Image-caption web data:
_ _ _ _ _ _ _
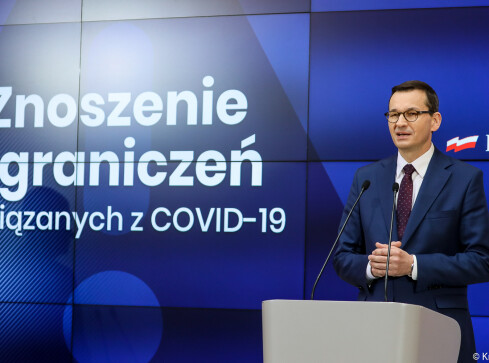 Rząd odmraża gospodarkę i podaje konkretne daty - grafika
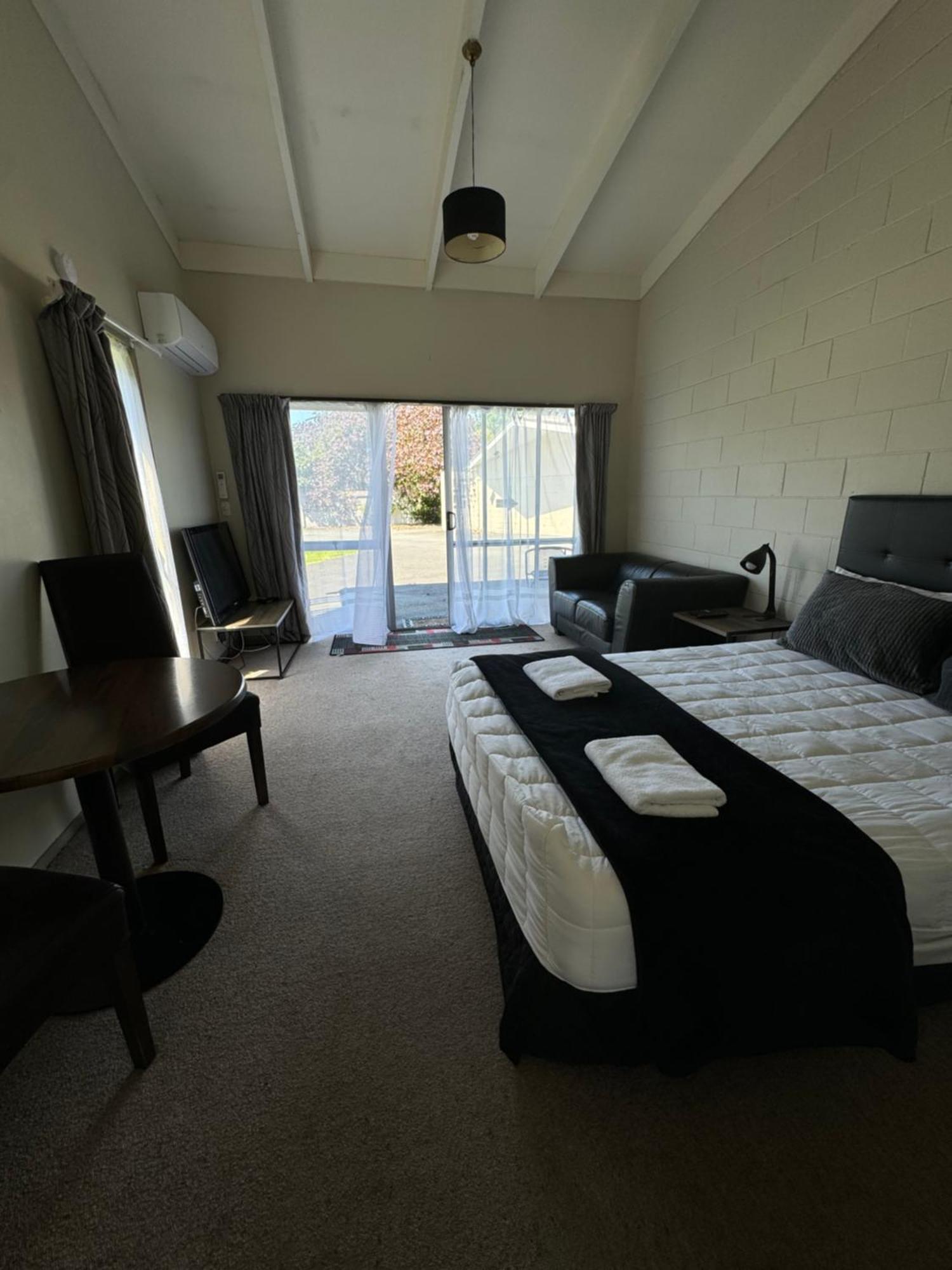 تاورانجا Fountain Court Motel المظهر الخارجي الصورة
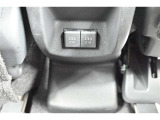 充電用USB端子付き。スマートフォンなどの充電に便利です。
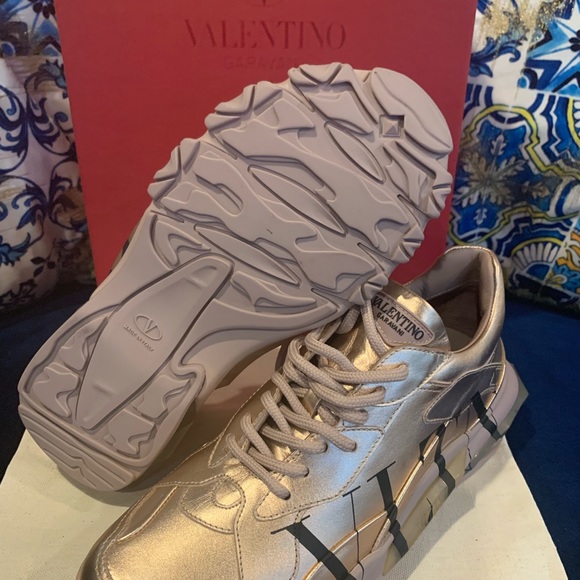Valentino Garavani metallic copper sneakers - Picture 4 of 8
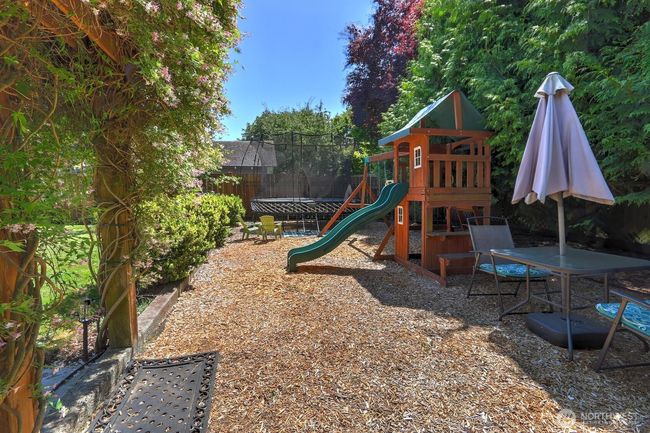 11729 Phinney Ave N, House other with 4 bedrooms, 2 bathrooms and 2 parking in Seattle WA | Image 27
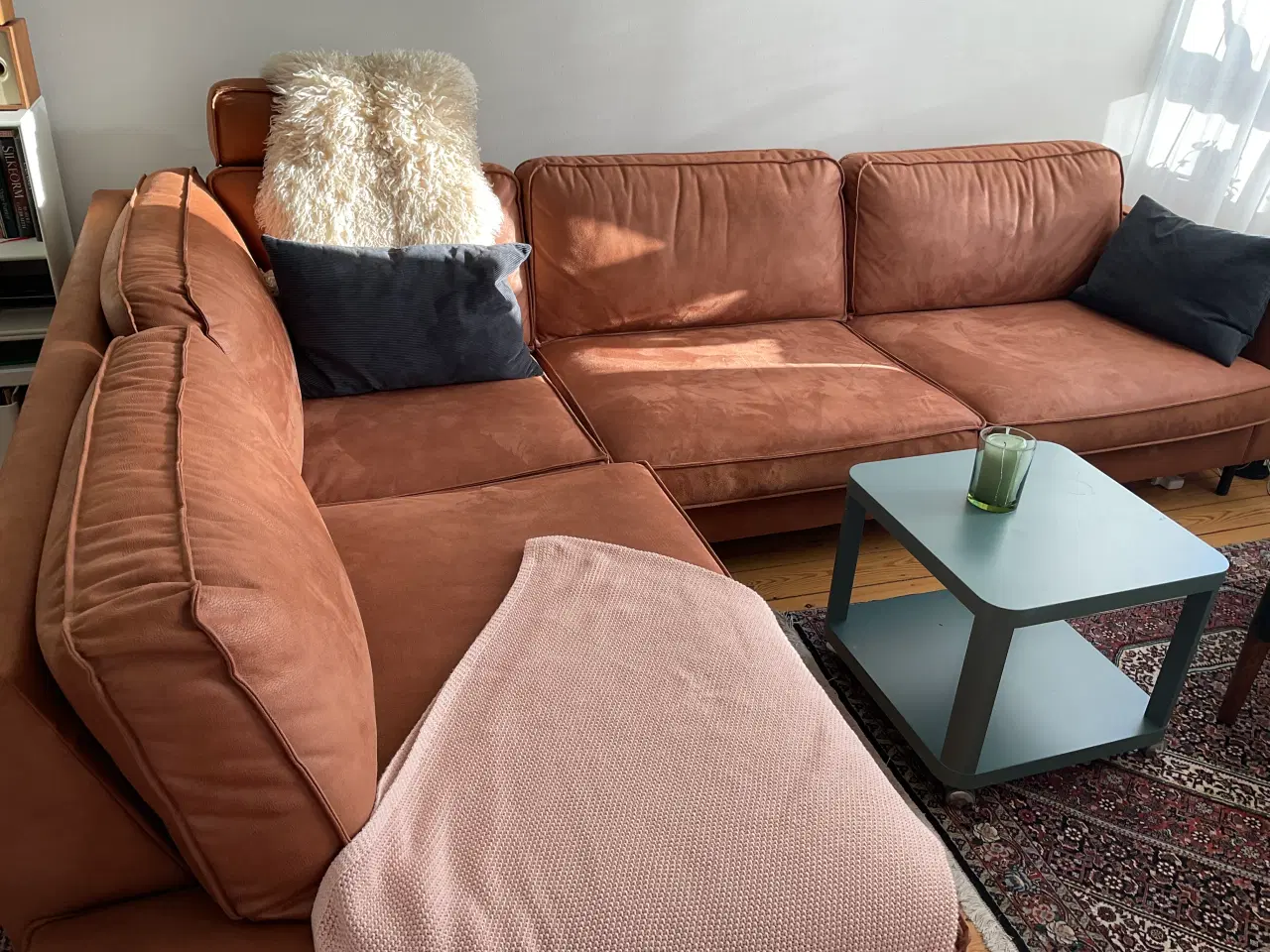 Billede 2 - Ilva sofa i Cognac farvet “ruskind”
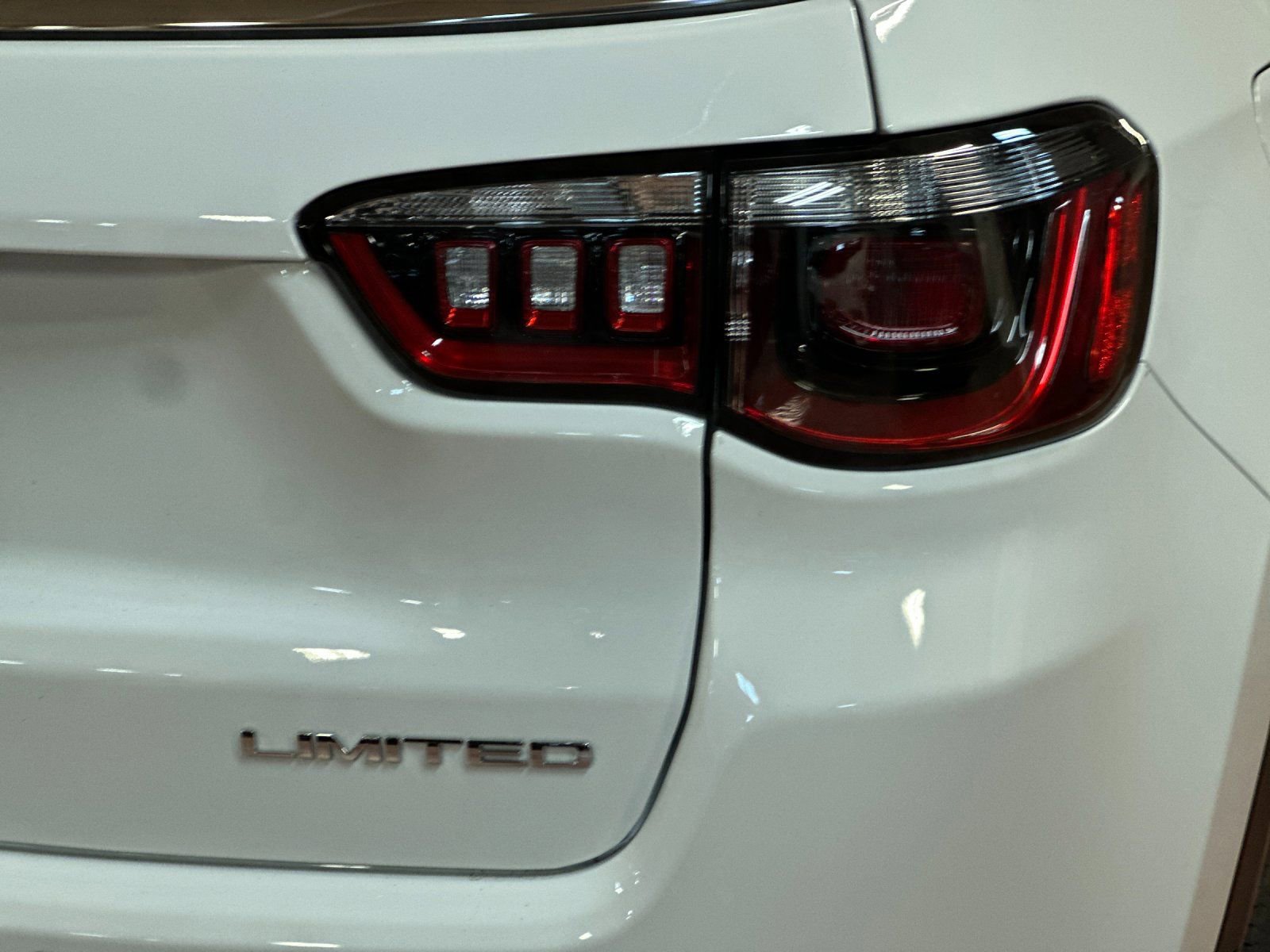 New 2026 Jeep Compass Limited image 25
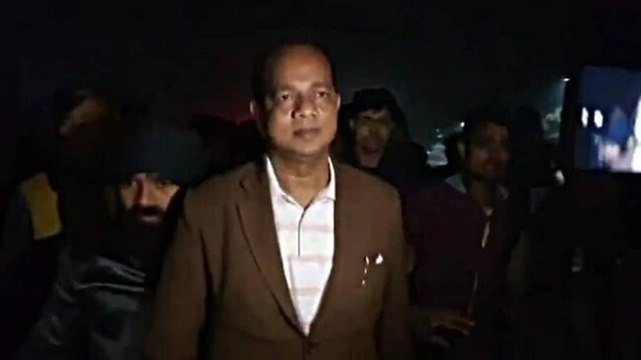 Crude bombs hurled at Bengal minister Jakir Hossain in Murshidabad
_ _ _ _ _ _ _
→ **WHAT TO WORK ON**
Each line of the data must be transcribed exactly; pictures are not carried over.

→ **RESPONSE TO THE TASK**
 Rząd odmraża gospodarkę i podaje konkretne daty - grafika
 تاورانجا Fountain Court Motel المظهر الخارجي الصورة
 充電用USB端子付き。スマートフォンなどの充電に便利です。
Valentino Garavani metallic copper sneakers - Picture 4 of 8
 11729 Phinney Ave N, House other with 4 bedrooms, 2 bathrooms and 2 parking in Seattle WA | Image 27
 Billede 2 - Ilva sofa i Cognac farvet “ruskind”
 New 2026 Jeep Compass Limited image 25
 Crude bombs hurled at Bengal minister Jakir Hossain in Murshidabad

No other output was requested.